Please consult team member pages above for complete publication lists.
Damian Rouson, Brad Richardson, Dan Bonachea, Katherine Rasmussen, "Parallel Runtime Interface for Fortran (PRIF) Design Document, Revision 0.2", Lawrence Berkeley National Laboratory Technical Report, December 20, 2023, LBNL 2001563, doi: 10.25344/S4DG6S
This design document proposes an interface to support the parallel features of Fortran, named the Parallel Runtime Interface for Fortran (PRIF). PRIF is a proposed solution in which the runtime library is responsible for coarray allocation, deallocation and accesses, image synchronization, atomic operations, events, and teams. In this interface, the compiler is responsible for transforming the invocation of Fortran-level parallel features into procedure calls to the necessary PRIF procedures. The interface is designed for portability across shared- and distributed-memory machines, different operating systems, and multiple architectures. Implementations of this interface are intended as an augmentation for the compiler’s own runtime library. With an implementation-agnostic interface, alternative parallel runtime libraries may be developed that support the same interface. One benefit of this approach is the ability to vary the communication substrate. A central aim of this document is to define a parallel runtime interface in standard Fortran syntax, which enables us to leverage Fortran to succinctly express various properties of the procedure interfaces, including argument attributes.

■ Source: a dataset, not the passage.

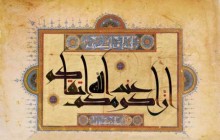 ماه رمضان / تصویر قرآنی / ان اکرمکم عند الله اتقاکم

Michelle Mills Strout, Damian Rouson, Amir Kamil, Dan Bonachea, Jeremiah Corrado, Paul H. Hargrove, Introduction to High-Performance Parallel Distributed Computing using Chapel, UPC++ and Coarray Fortran, Tutorial at the International Conference for High Performance Computing, Networking, Storage, and Analysis (SC23), November 12, 2023,
A majority of HPC system users utilize scripting languages such as Python to prototype their computations, coordinate their large executions, and analyze the data resulting from their computations. Python is great for these many uses, but it frequently falls short when significantly scaling up the amount of data and computation, as required to fully leverage HPC system resources. In this tutorial, we show how example computations such as heat diffusion, k-mer counting, file processing, and distributed maps can be written to efficiently leverage distributed computing resources in the Chapel, UPC++, and Fortran parallel programming models.
The tutorial is targeted for users with little-to-no parallel programming experience, but everyone is welcome. A partial differential equation example will be demonstrated in all three programming models. That example and others will be provided to attendees in a virtual environment. Attendees will be shown how to compile and run these programming examples, and the virtual environment will remain available to attendees throughout the conference, along with Slack-based interactive tech support.

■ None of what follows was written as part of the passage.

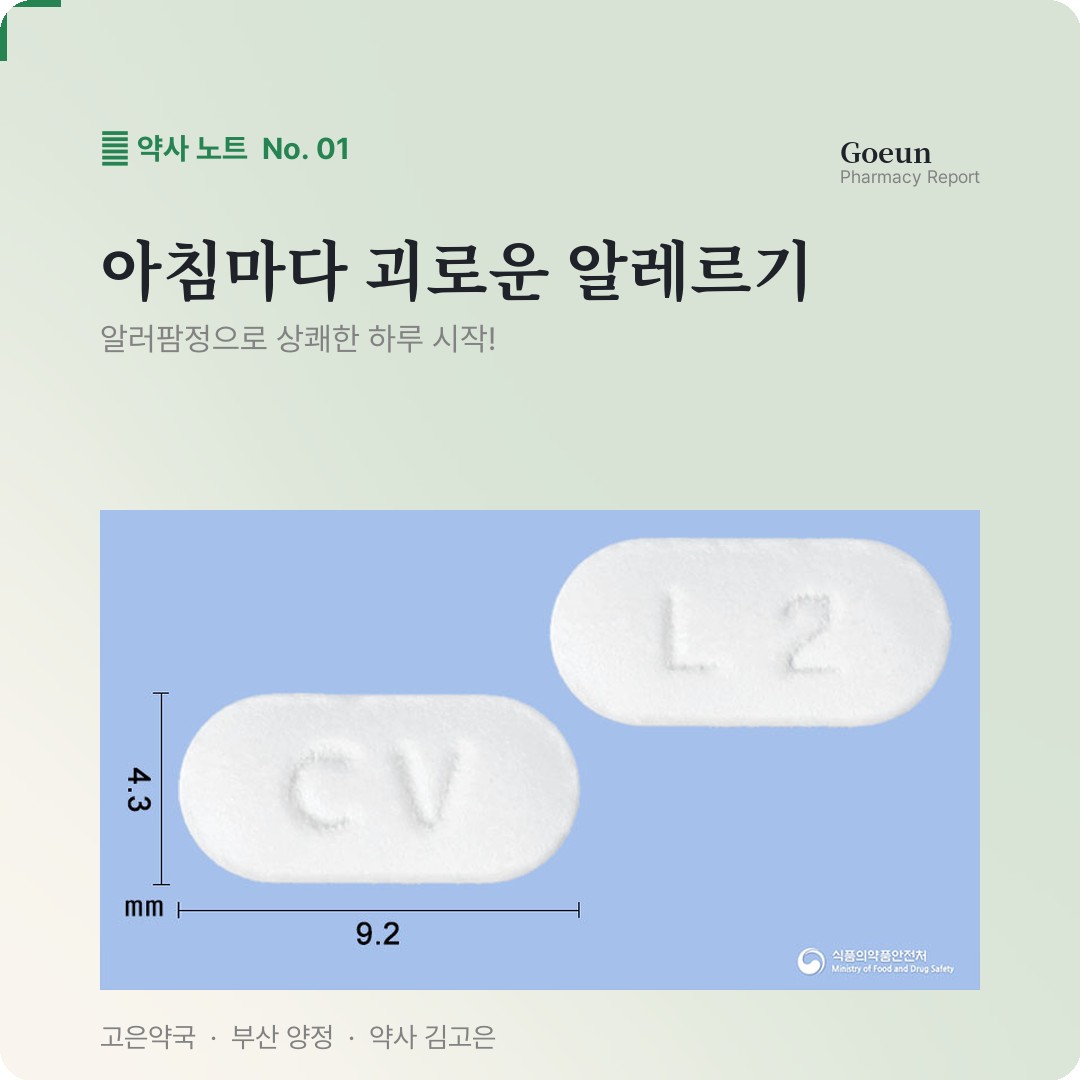 알러팜정 세티리진염산염 30정 알레르기 비염에 자주 쓰나요 ?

Come join us to learn about some productive and performant parallel programming models!
Michelle Mills Strout, Damian Rouson, Amir Kamil, Dan Bonachea, Jeremiah Corrado, Paul H. Hargrove, Introduction to High-Performance Parallel Distributed Computing using Chapel, UPC++ and Coarray Fortran (CUF23), ECP/NERSC/OLCF Tutorial, July 2023,
A majority of HPC system users utilize scripting languages such as Python to prototype their computations, coordinate their large executions, and analyze the data resulting from their computations. Python is great for these many uses, but it frequently falls short when significantly scaling up the amount of data and computation, as required to fully leverage HPC system resources. In this tutorial, we show how example computations such as heat diffusion, k-mer counting, file processing, and distributed maps can be written to efficiently leverage distributed computing resources in the Chapel, UPC++, and Fortran parallel programming models. This tutorial should be accessible to users with little-to-no parallel programming experience, and everyone is welcome. A partial differential equation example will be demonstrated in all three programming models along with performance and scaling results on big machines. That example and others will be provided in a cloud instance and Docker container. Attendees will be shown how to compile and run these programming examples, and provided opportunities to experiment with different parameters and code alternatives while being able to ask questions and share their own observations. Come join us to learn about some productive and performant parallel programming models!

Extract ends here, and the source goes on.